Cada uma destas frases mereceria só por si uma profunda
reflexão. Juntas espelham de forma sentida o conceito de livre exame que a ULB
tanto preza: a valorização da liberdade individual diante do dogma, que pode
ser externo ou estar ancorado dentro de nós; o apreço pela dúvida e pelo debate
como motores do pensamento livre; a consciência que devemos ter da nossa
falibilidade; a noção de que só sociedades livres feitas de pessoas livres
podem verdadeiramente prosperar. Reflectindo sobre elas, comparando a nossa
realidade com a ética que delas emana, poderemos medir quão forte ou verdadeira
é a nossa liberdade, individual ou colectiva, que desajeitadamente tendemos a
pensar que é sempre muita.
Ao compilar estas
frases e as pôr em lugar de destaque no seu curso de física, o Prof. Haelterman
não enquadra meramente o seu ensino na linha filosófica da escola. Mostra que
tal como a ciência não é o que é sem a sua história, a universidade não é o que
é sem a sua memória. Ao relembrar aqueles nomes e aqueles propósitos, de
fundadores, de professores, de alunos da ULB, o Prof. Haelterman, numa
comovente lição, mostra que quem ensina e aprende na ULB pertence a uma
construção colectiva e logo faz recair sobre os seus pupilos a pesada mas estimulante
responsabilidade de honrar uma tradição e de continuar uma trajectória, não
sendo obrigatoriamente os melhores, mas sendo pelo menos tão livres.

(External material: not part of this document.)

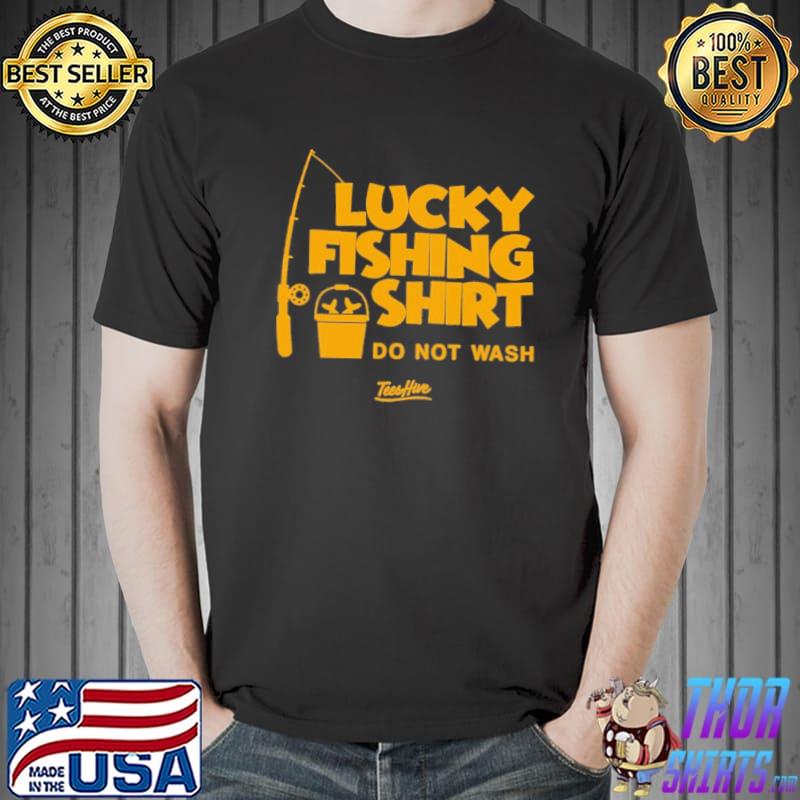 Lucky Fishing shirt do not wash tees hive shirt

Quando comecei a ler as sebentas do Prof. Haelterman, pensei
que iria reavivar o meu conhecimento sobre ciclos termodinâmicos e fenómenos de
ressonância. Afinal, foram mais conceitos básicos da cadeira de Liberdade I que
me vieram a memória: que não há conhecimento sem liberdade nem liberdade sem
conhecimento, que a dúvida é mais fértil do que a certeza e que a liberdade é
trabalho para uma vida inteira. Tendemos a esquecer estes fundamentais,
distraídos que estamos com as torrentes de lodo que jorram do ecrã da televisão
ou com o vácuo que reina nos corredores dos centros comerciais e nas cabeças
que por detrás de um “nickname” insultam o próximo na “internet”.
Como nota final: tendemos hoje a ver como estranhas pessoas
como o Prof. Haelterman, que investigam física e recuperam frases libertárias
de homens de séculos passados, apodando-as de “nerds” e outros títulos de pouco
gosto e menor senso. Mas são pessoas normalíssimas, iguais a qualquer um, que
simplesmente optaram por não abdicar de partes importantes do que a condição
humana tem para nos oferecer. O Professor Marc Haelterman é admirado e estimado
pelos seus alunos, tem um sentido de humor notável que transparece nas suas
folhas, bebe copos e pode ser visto a dançar o “I’m bad” do Michael Jackson no
vídeo abaixo do Youtube. Parece de facto livre.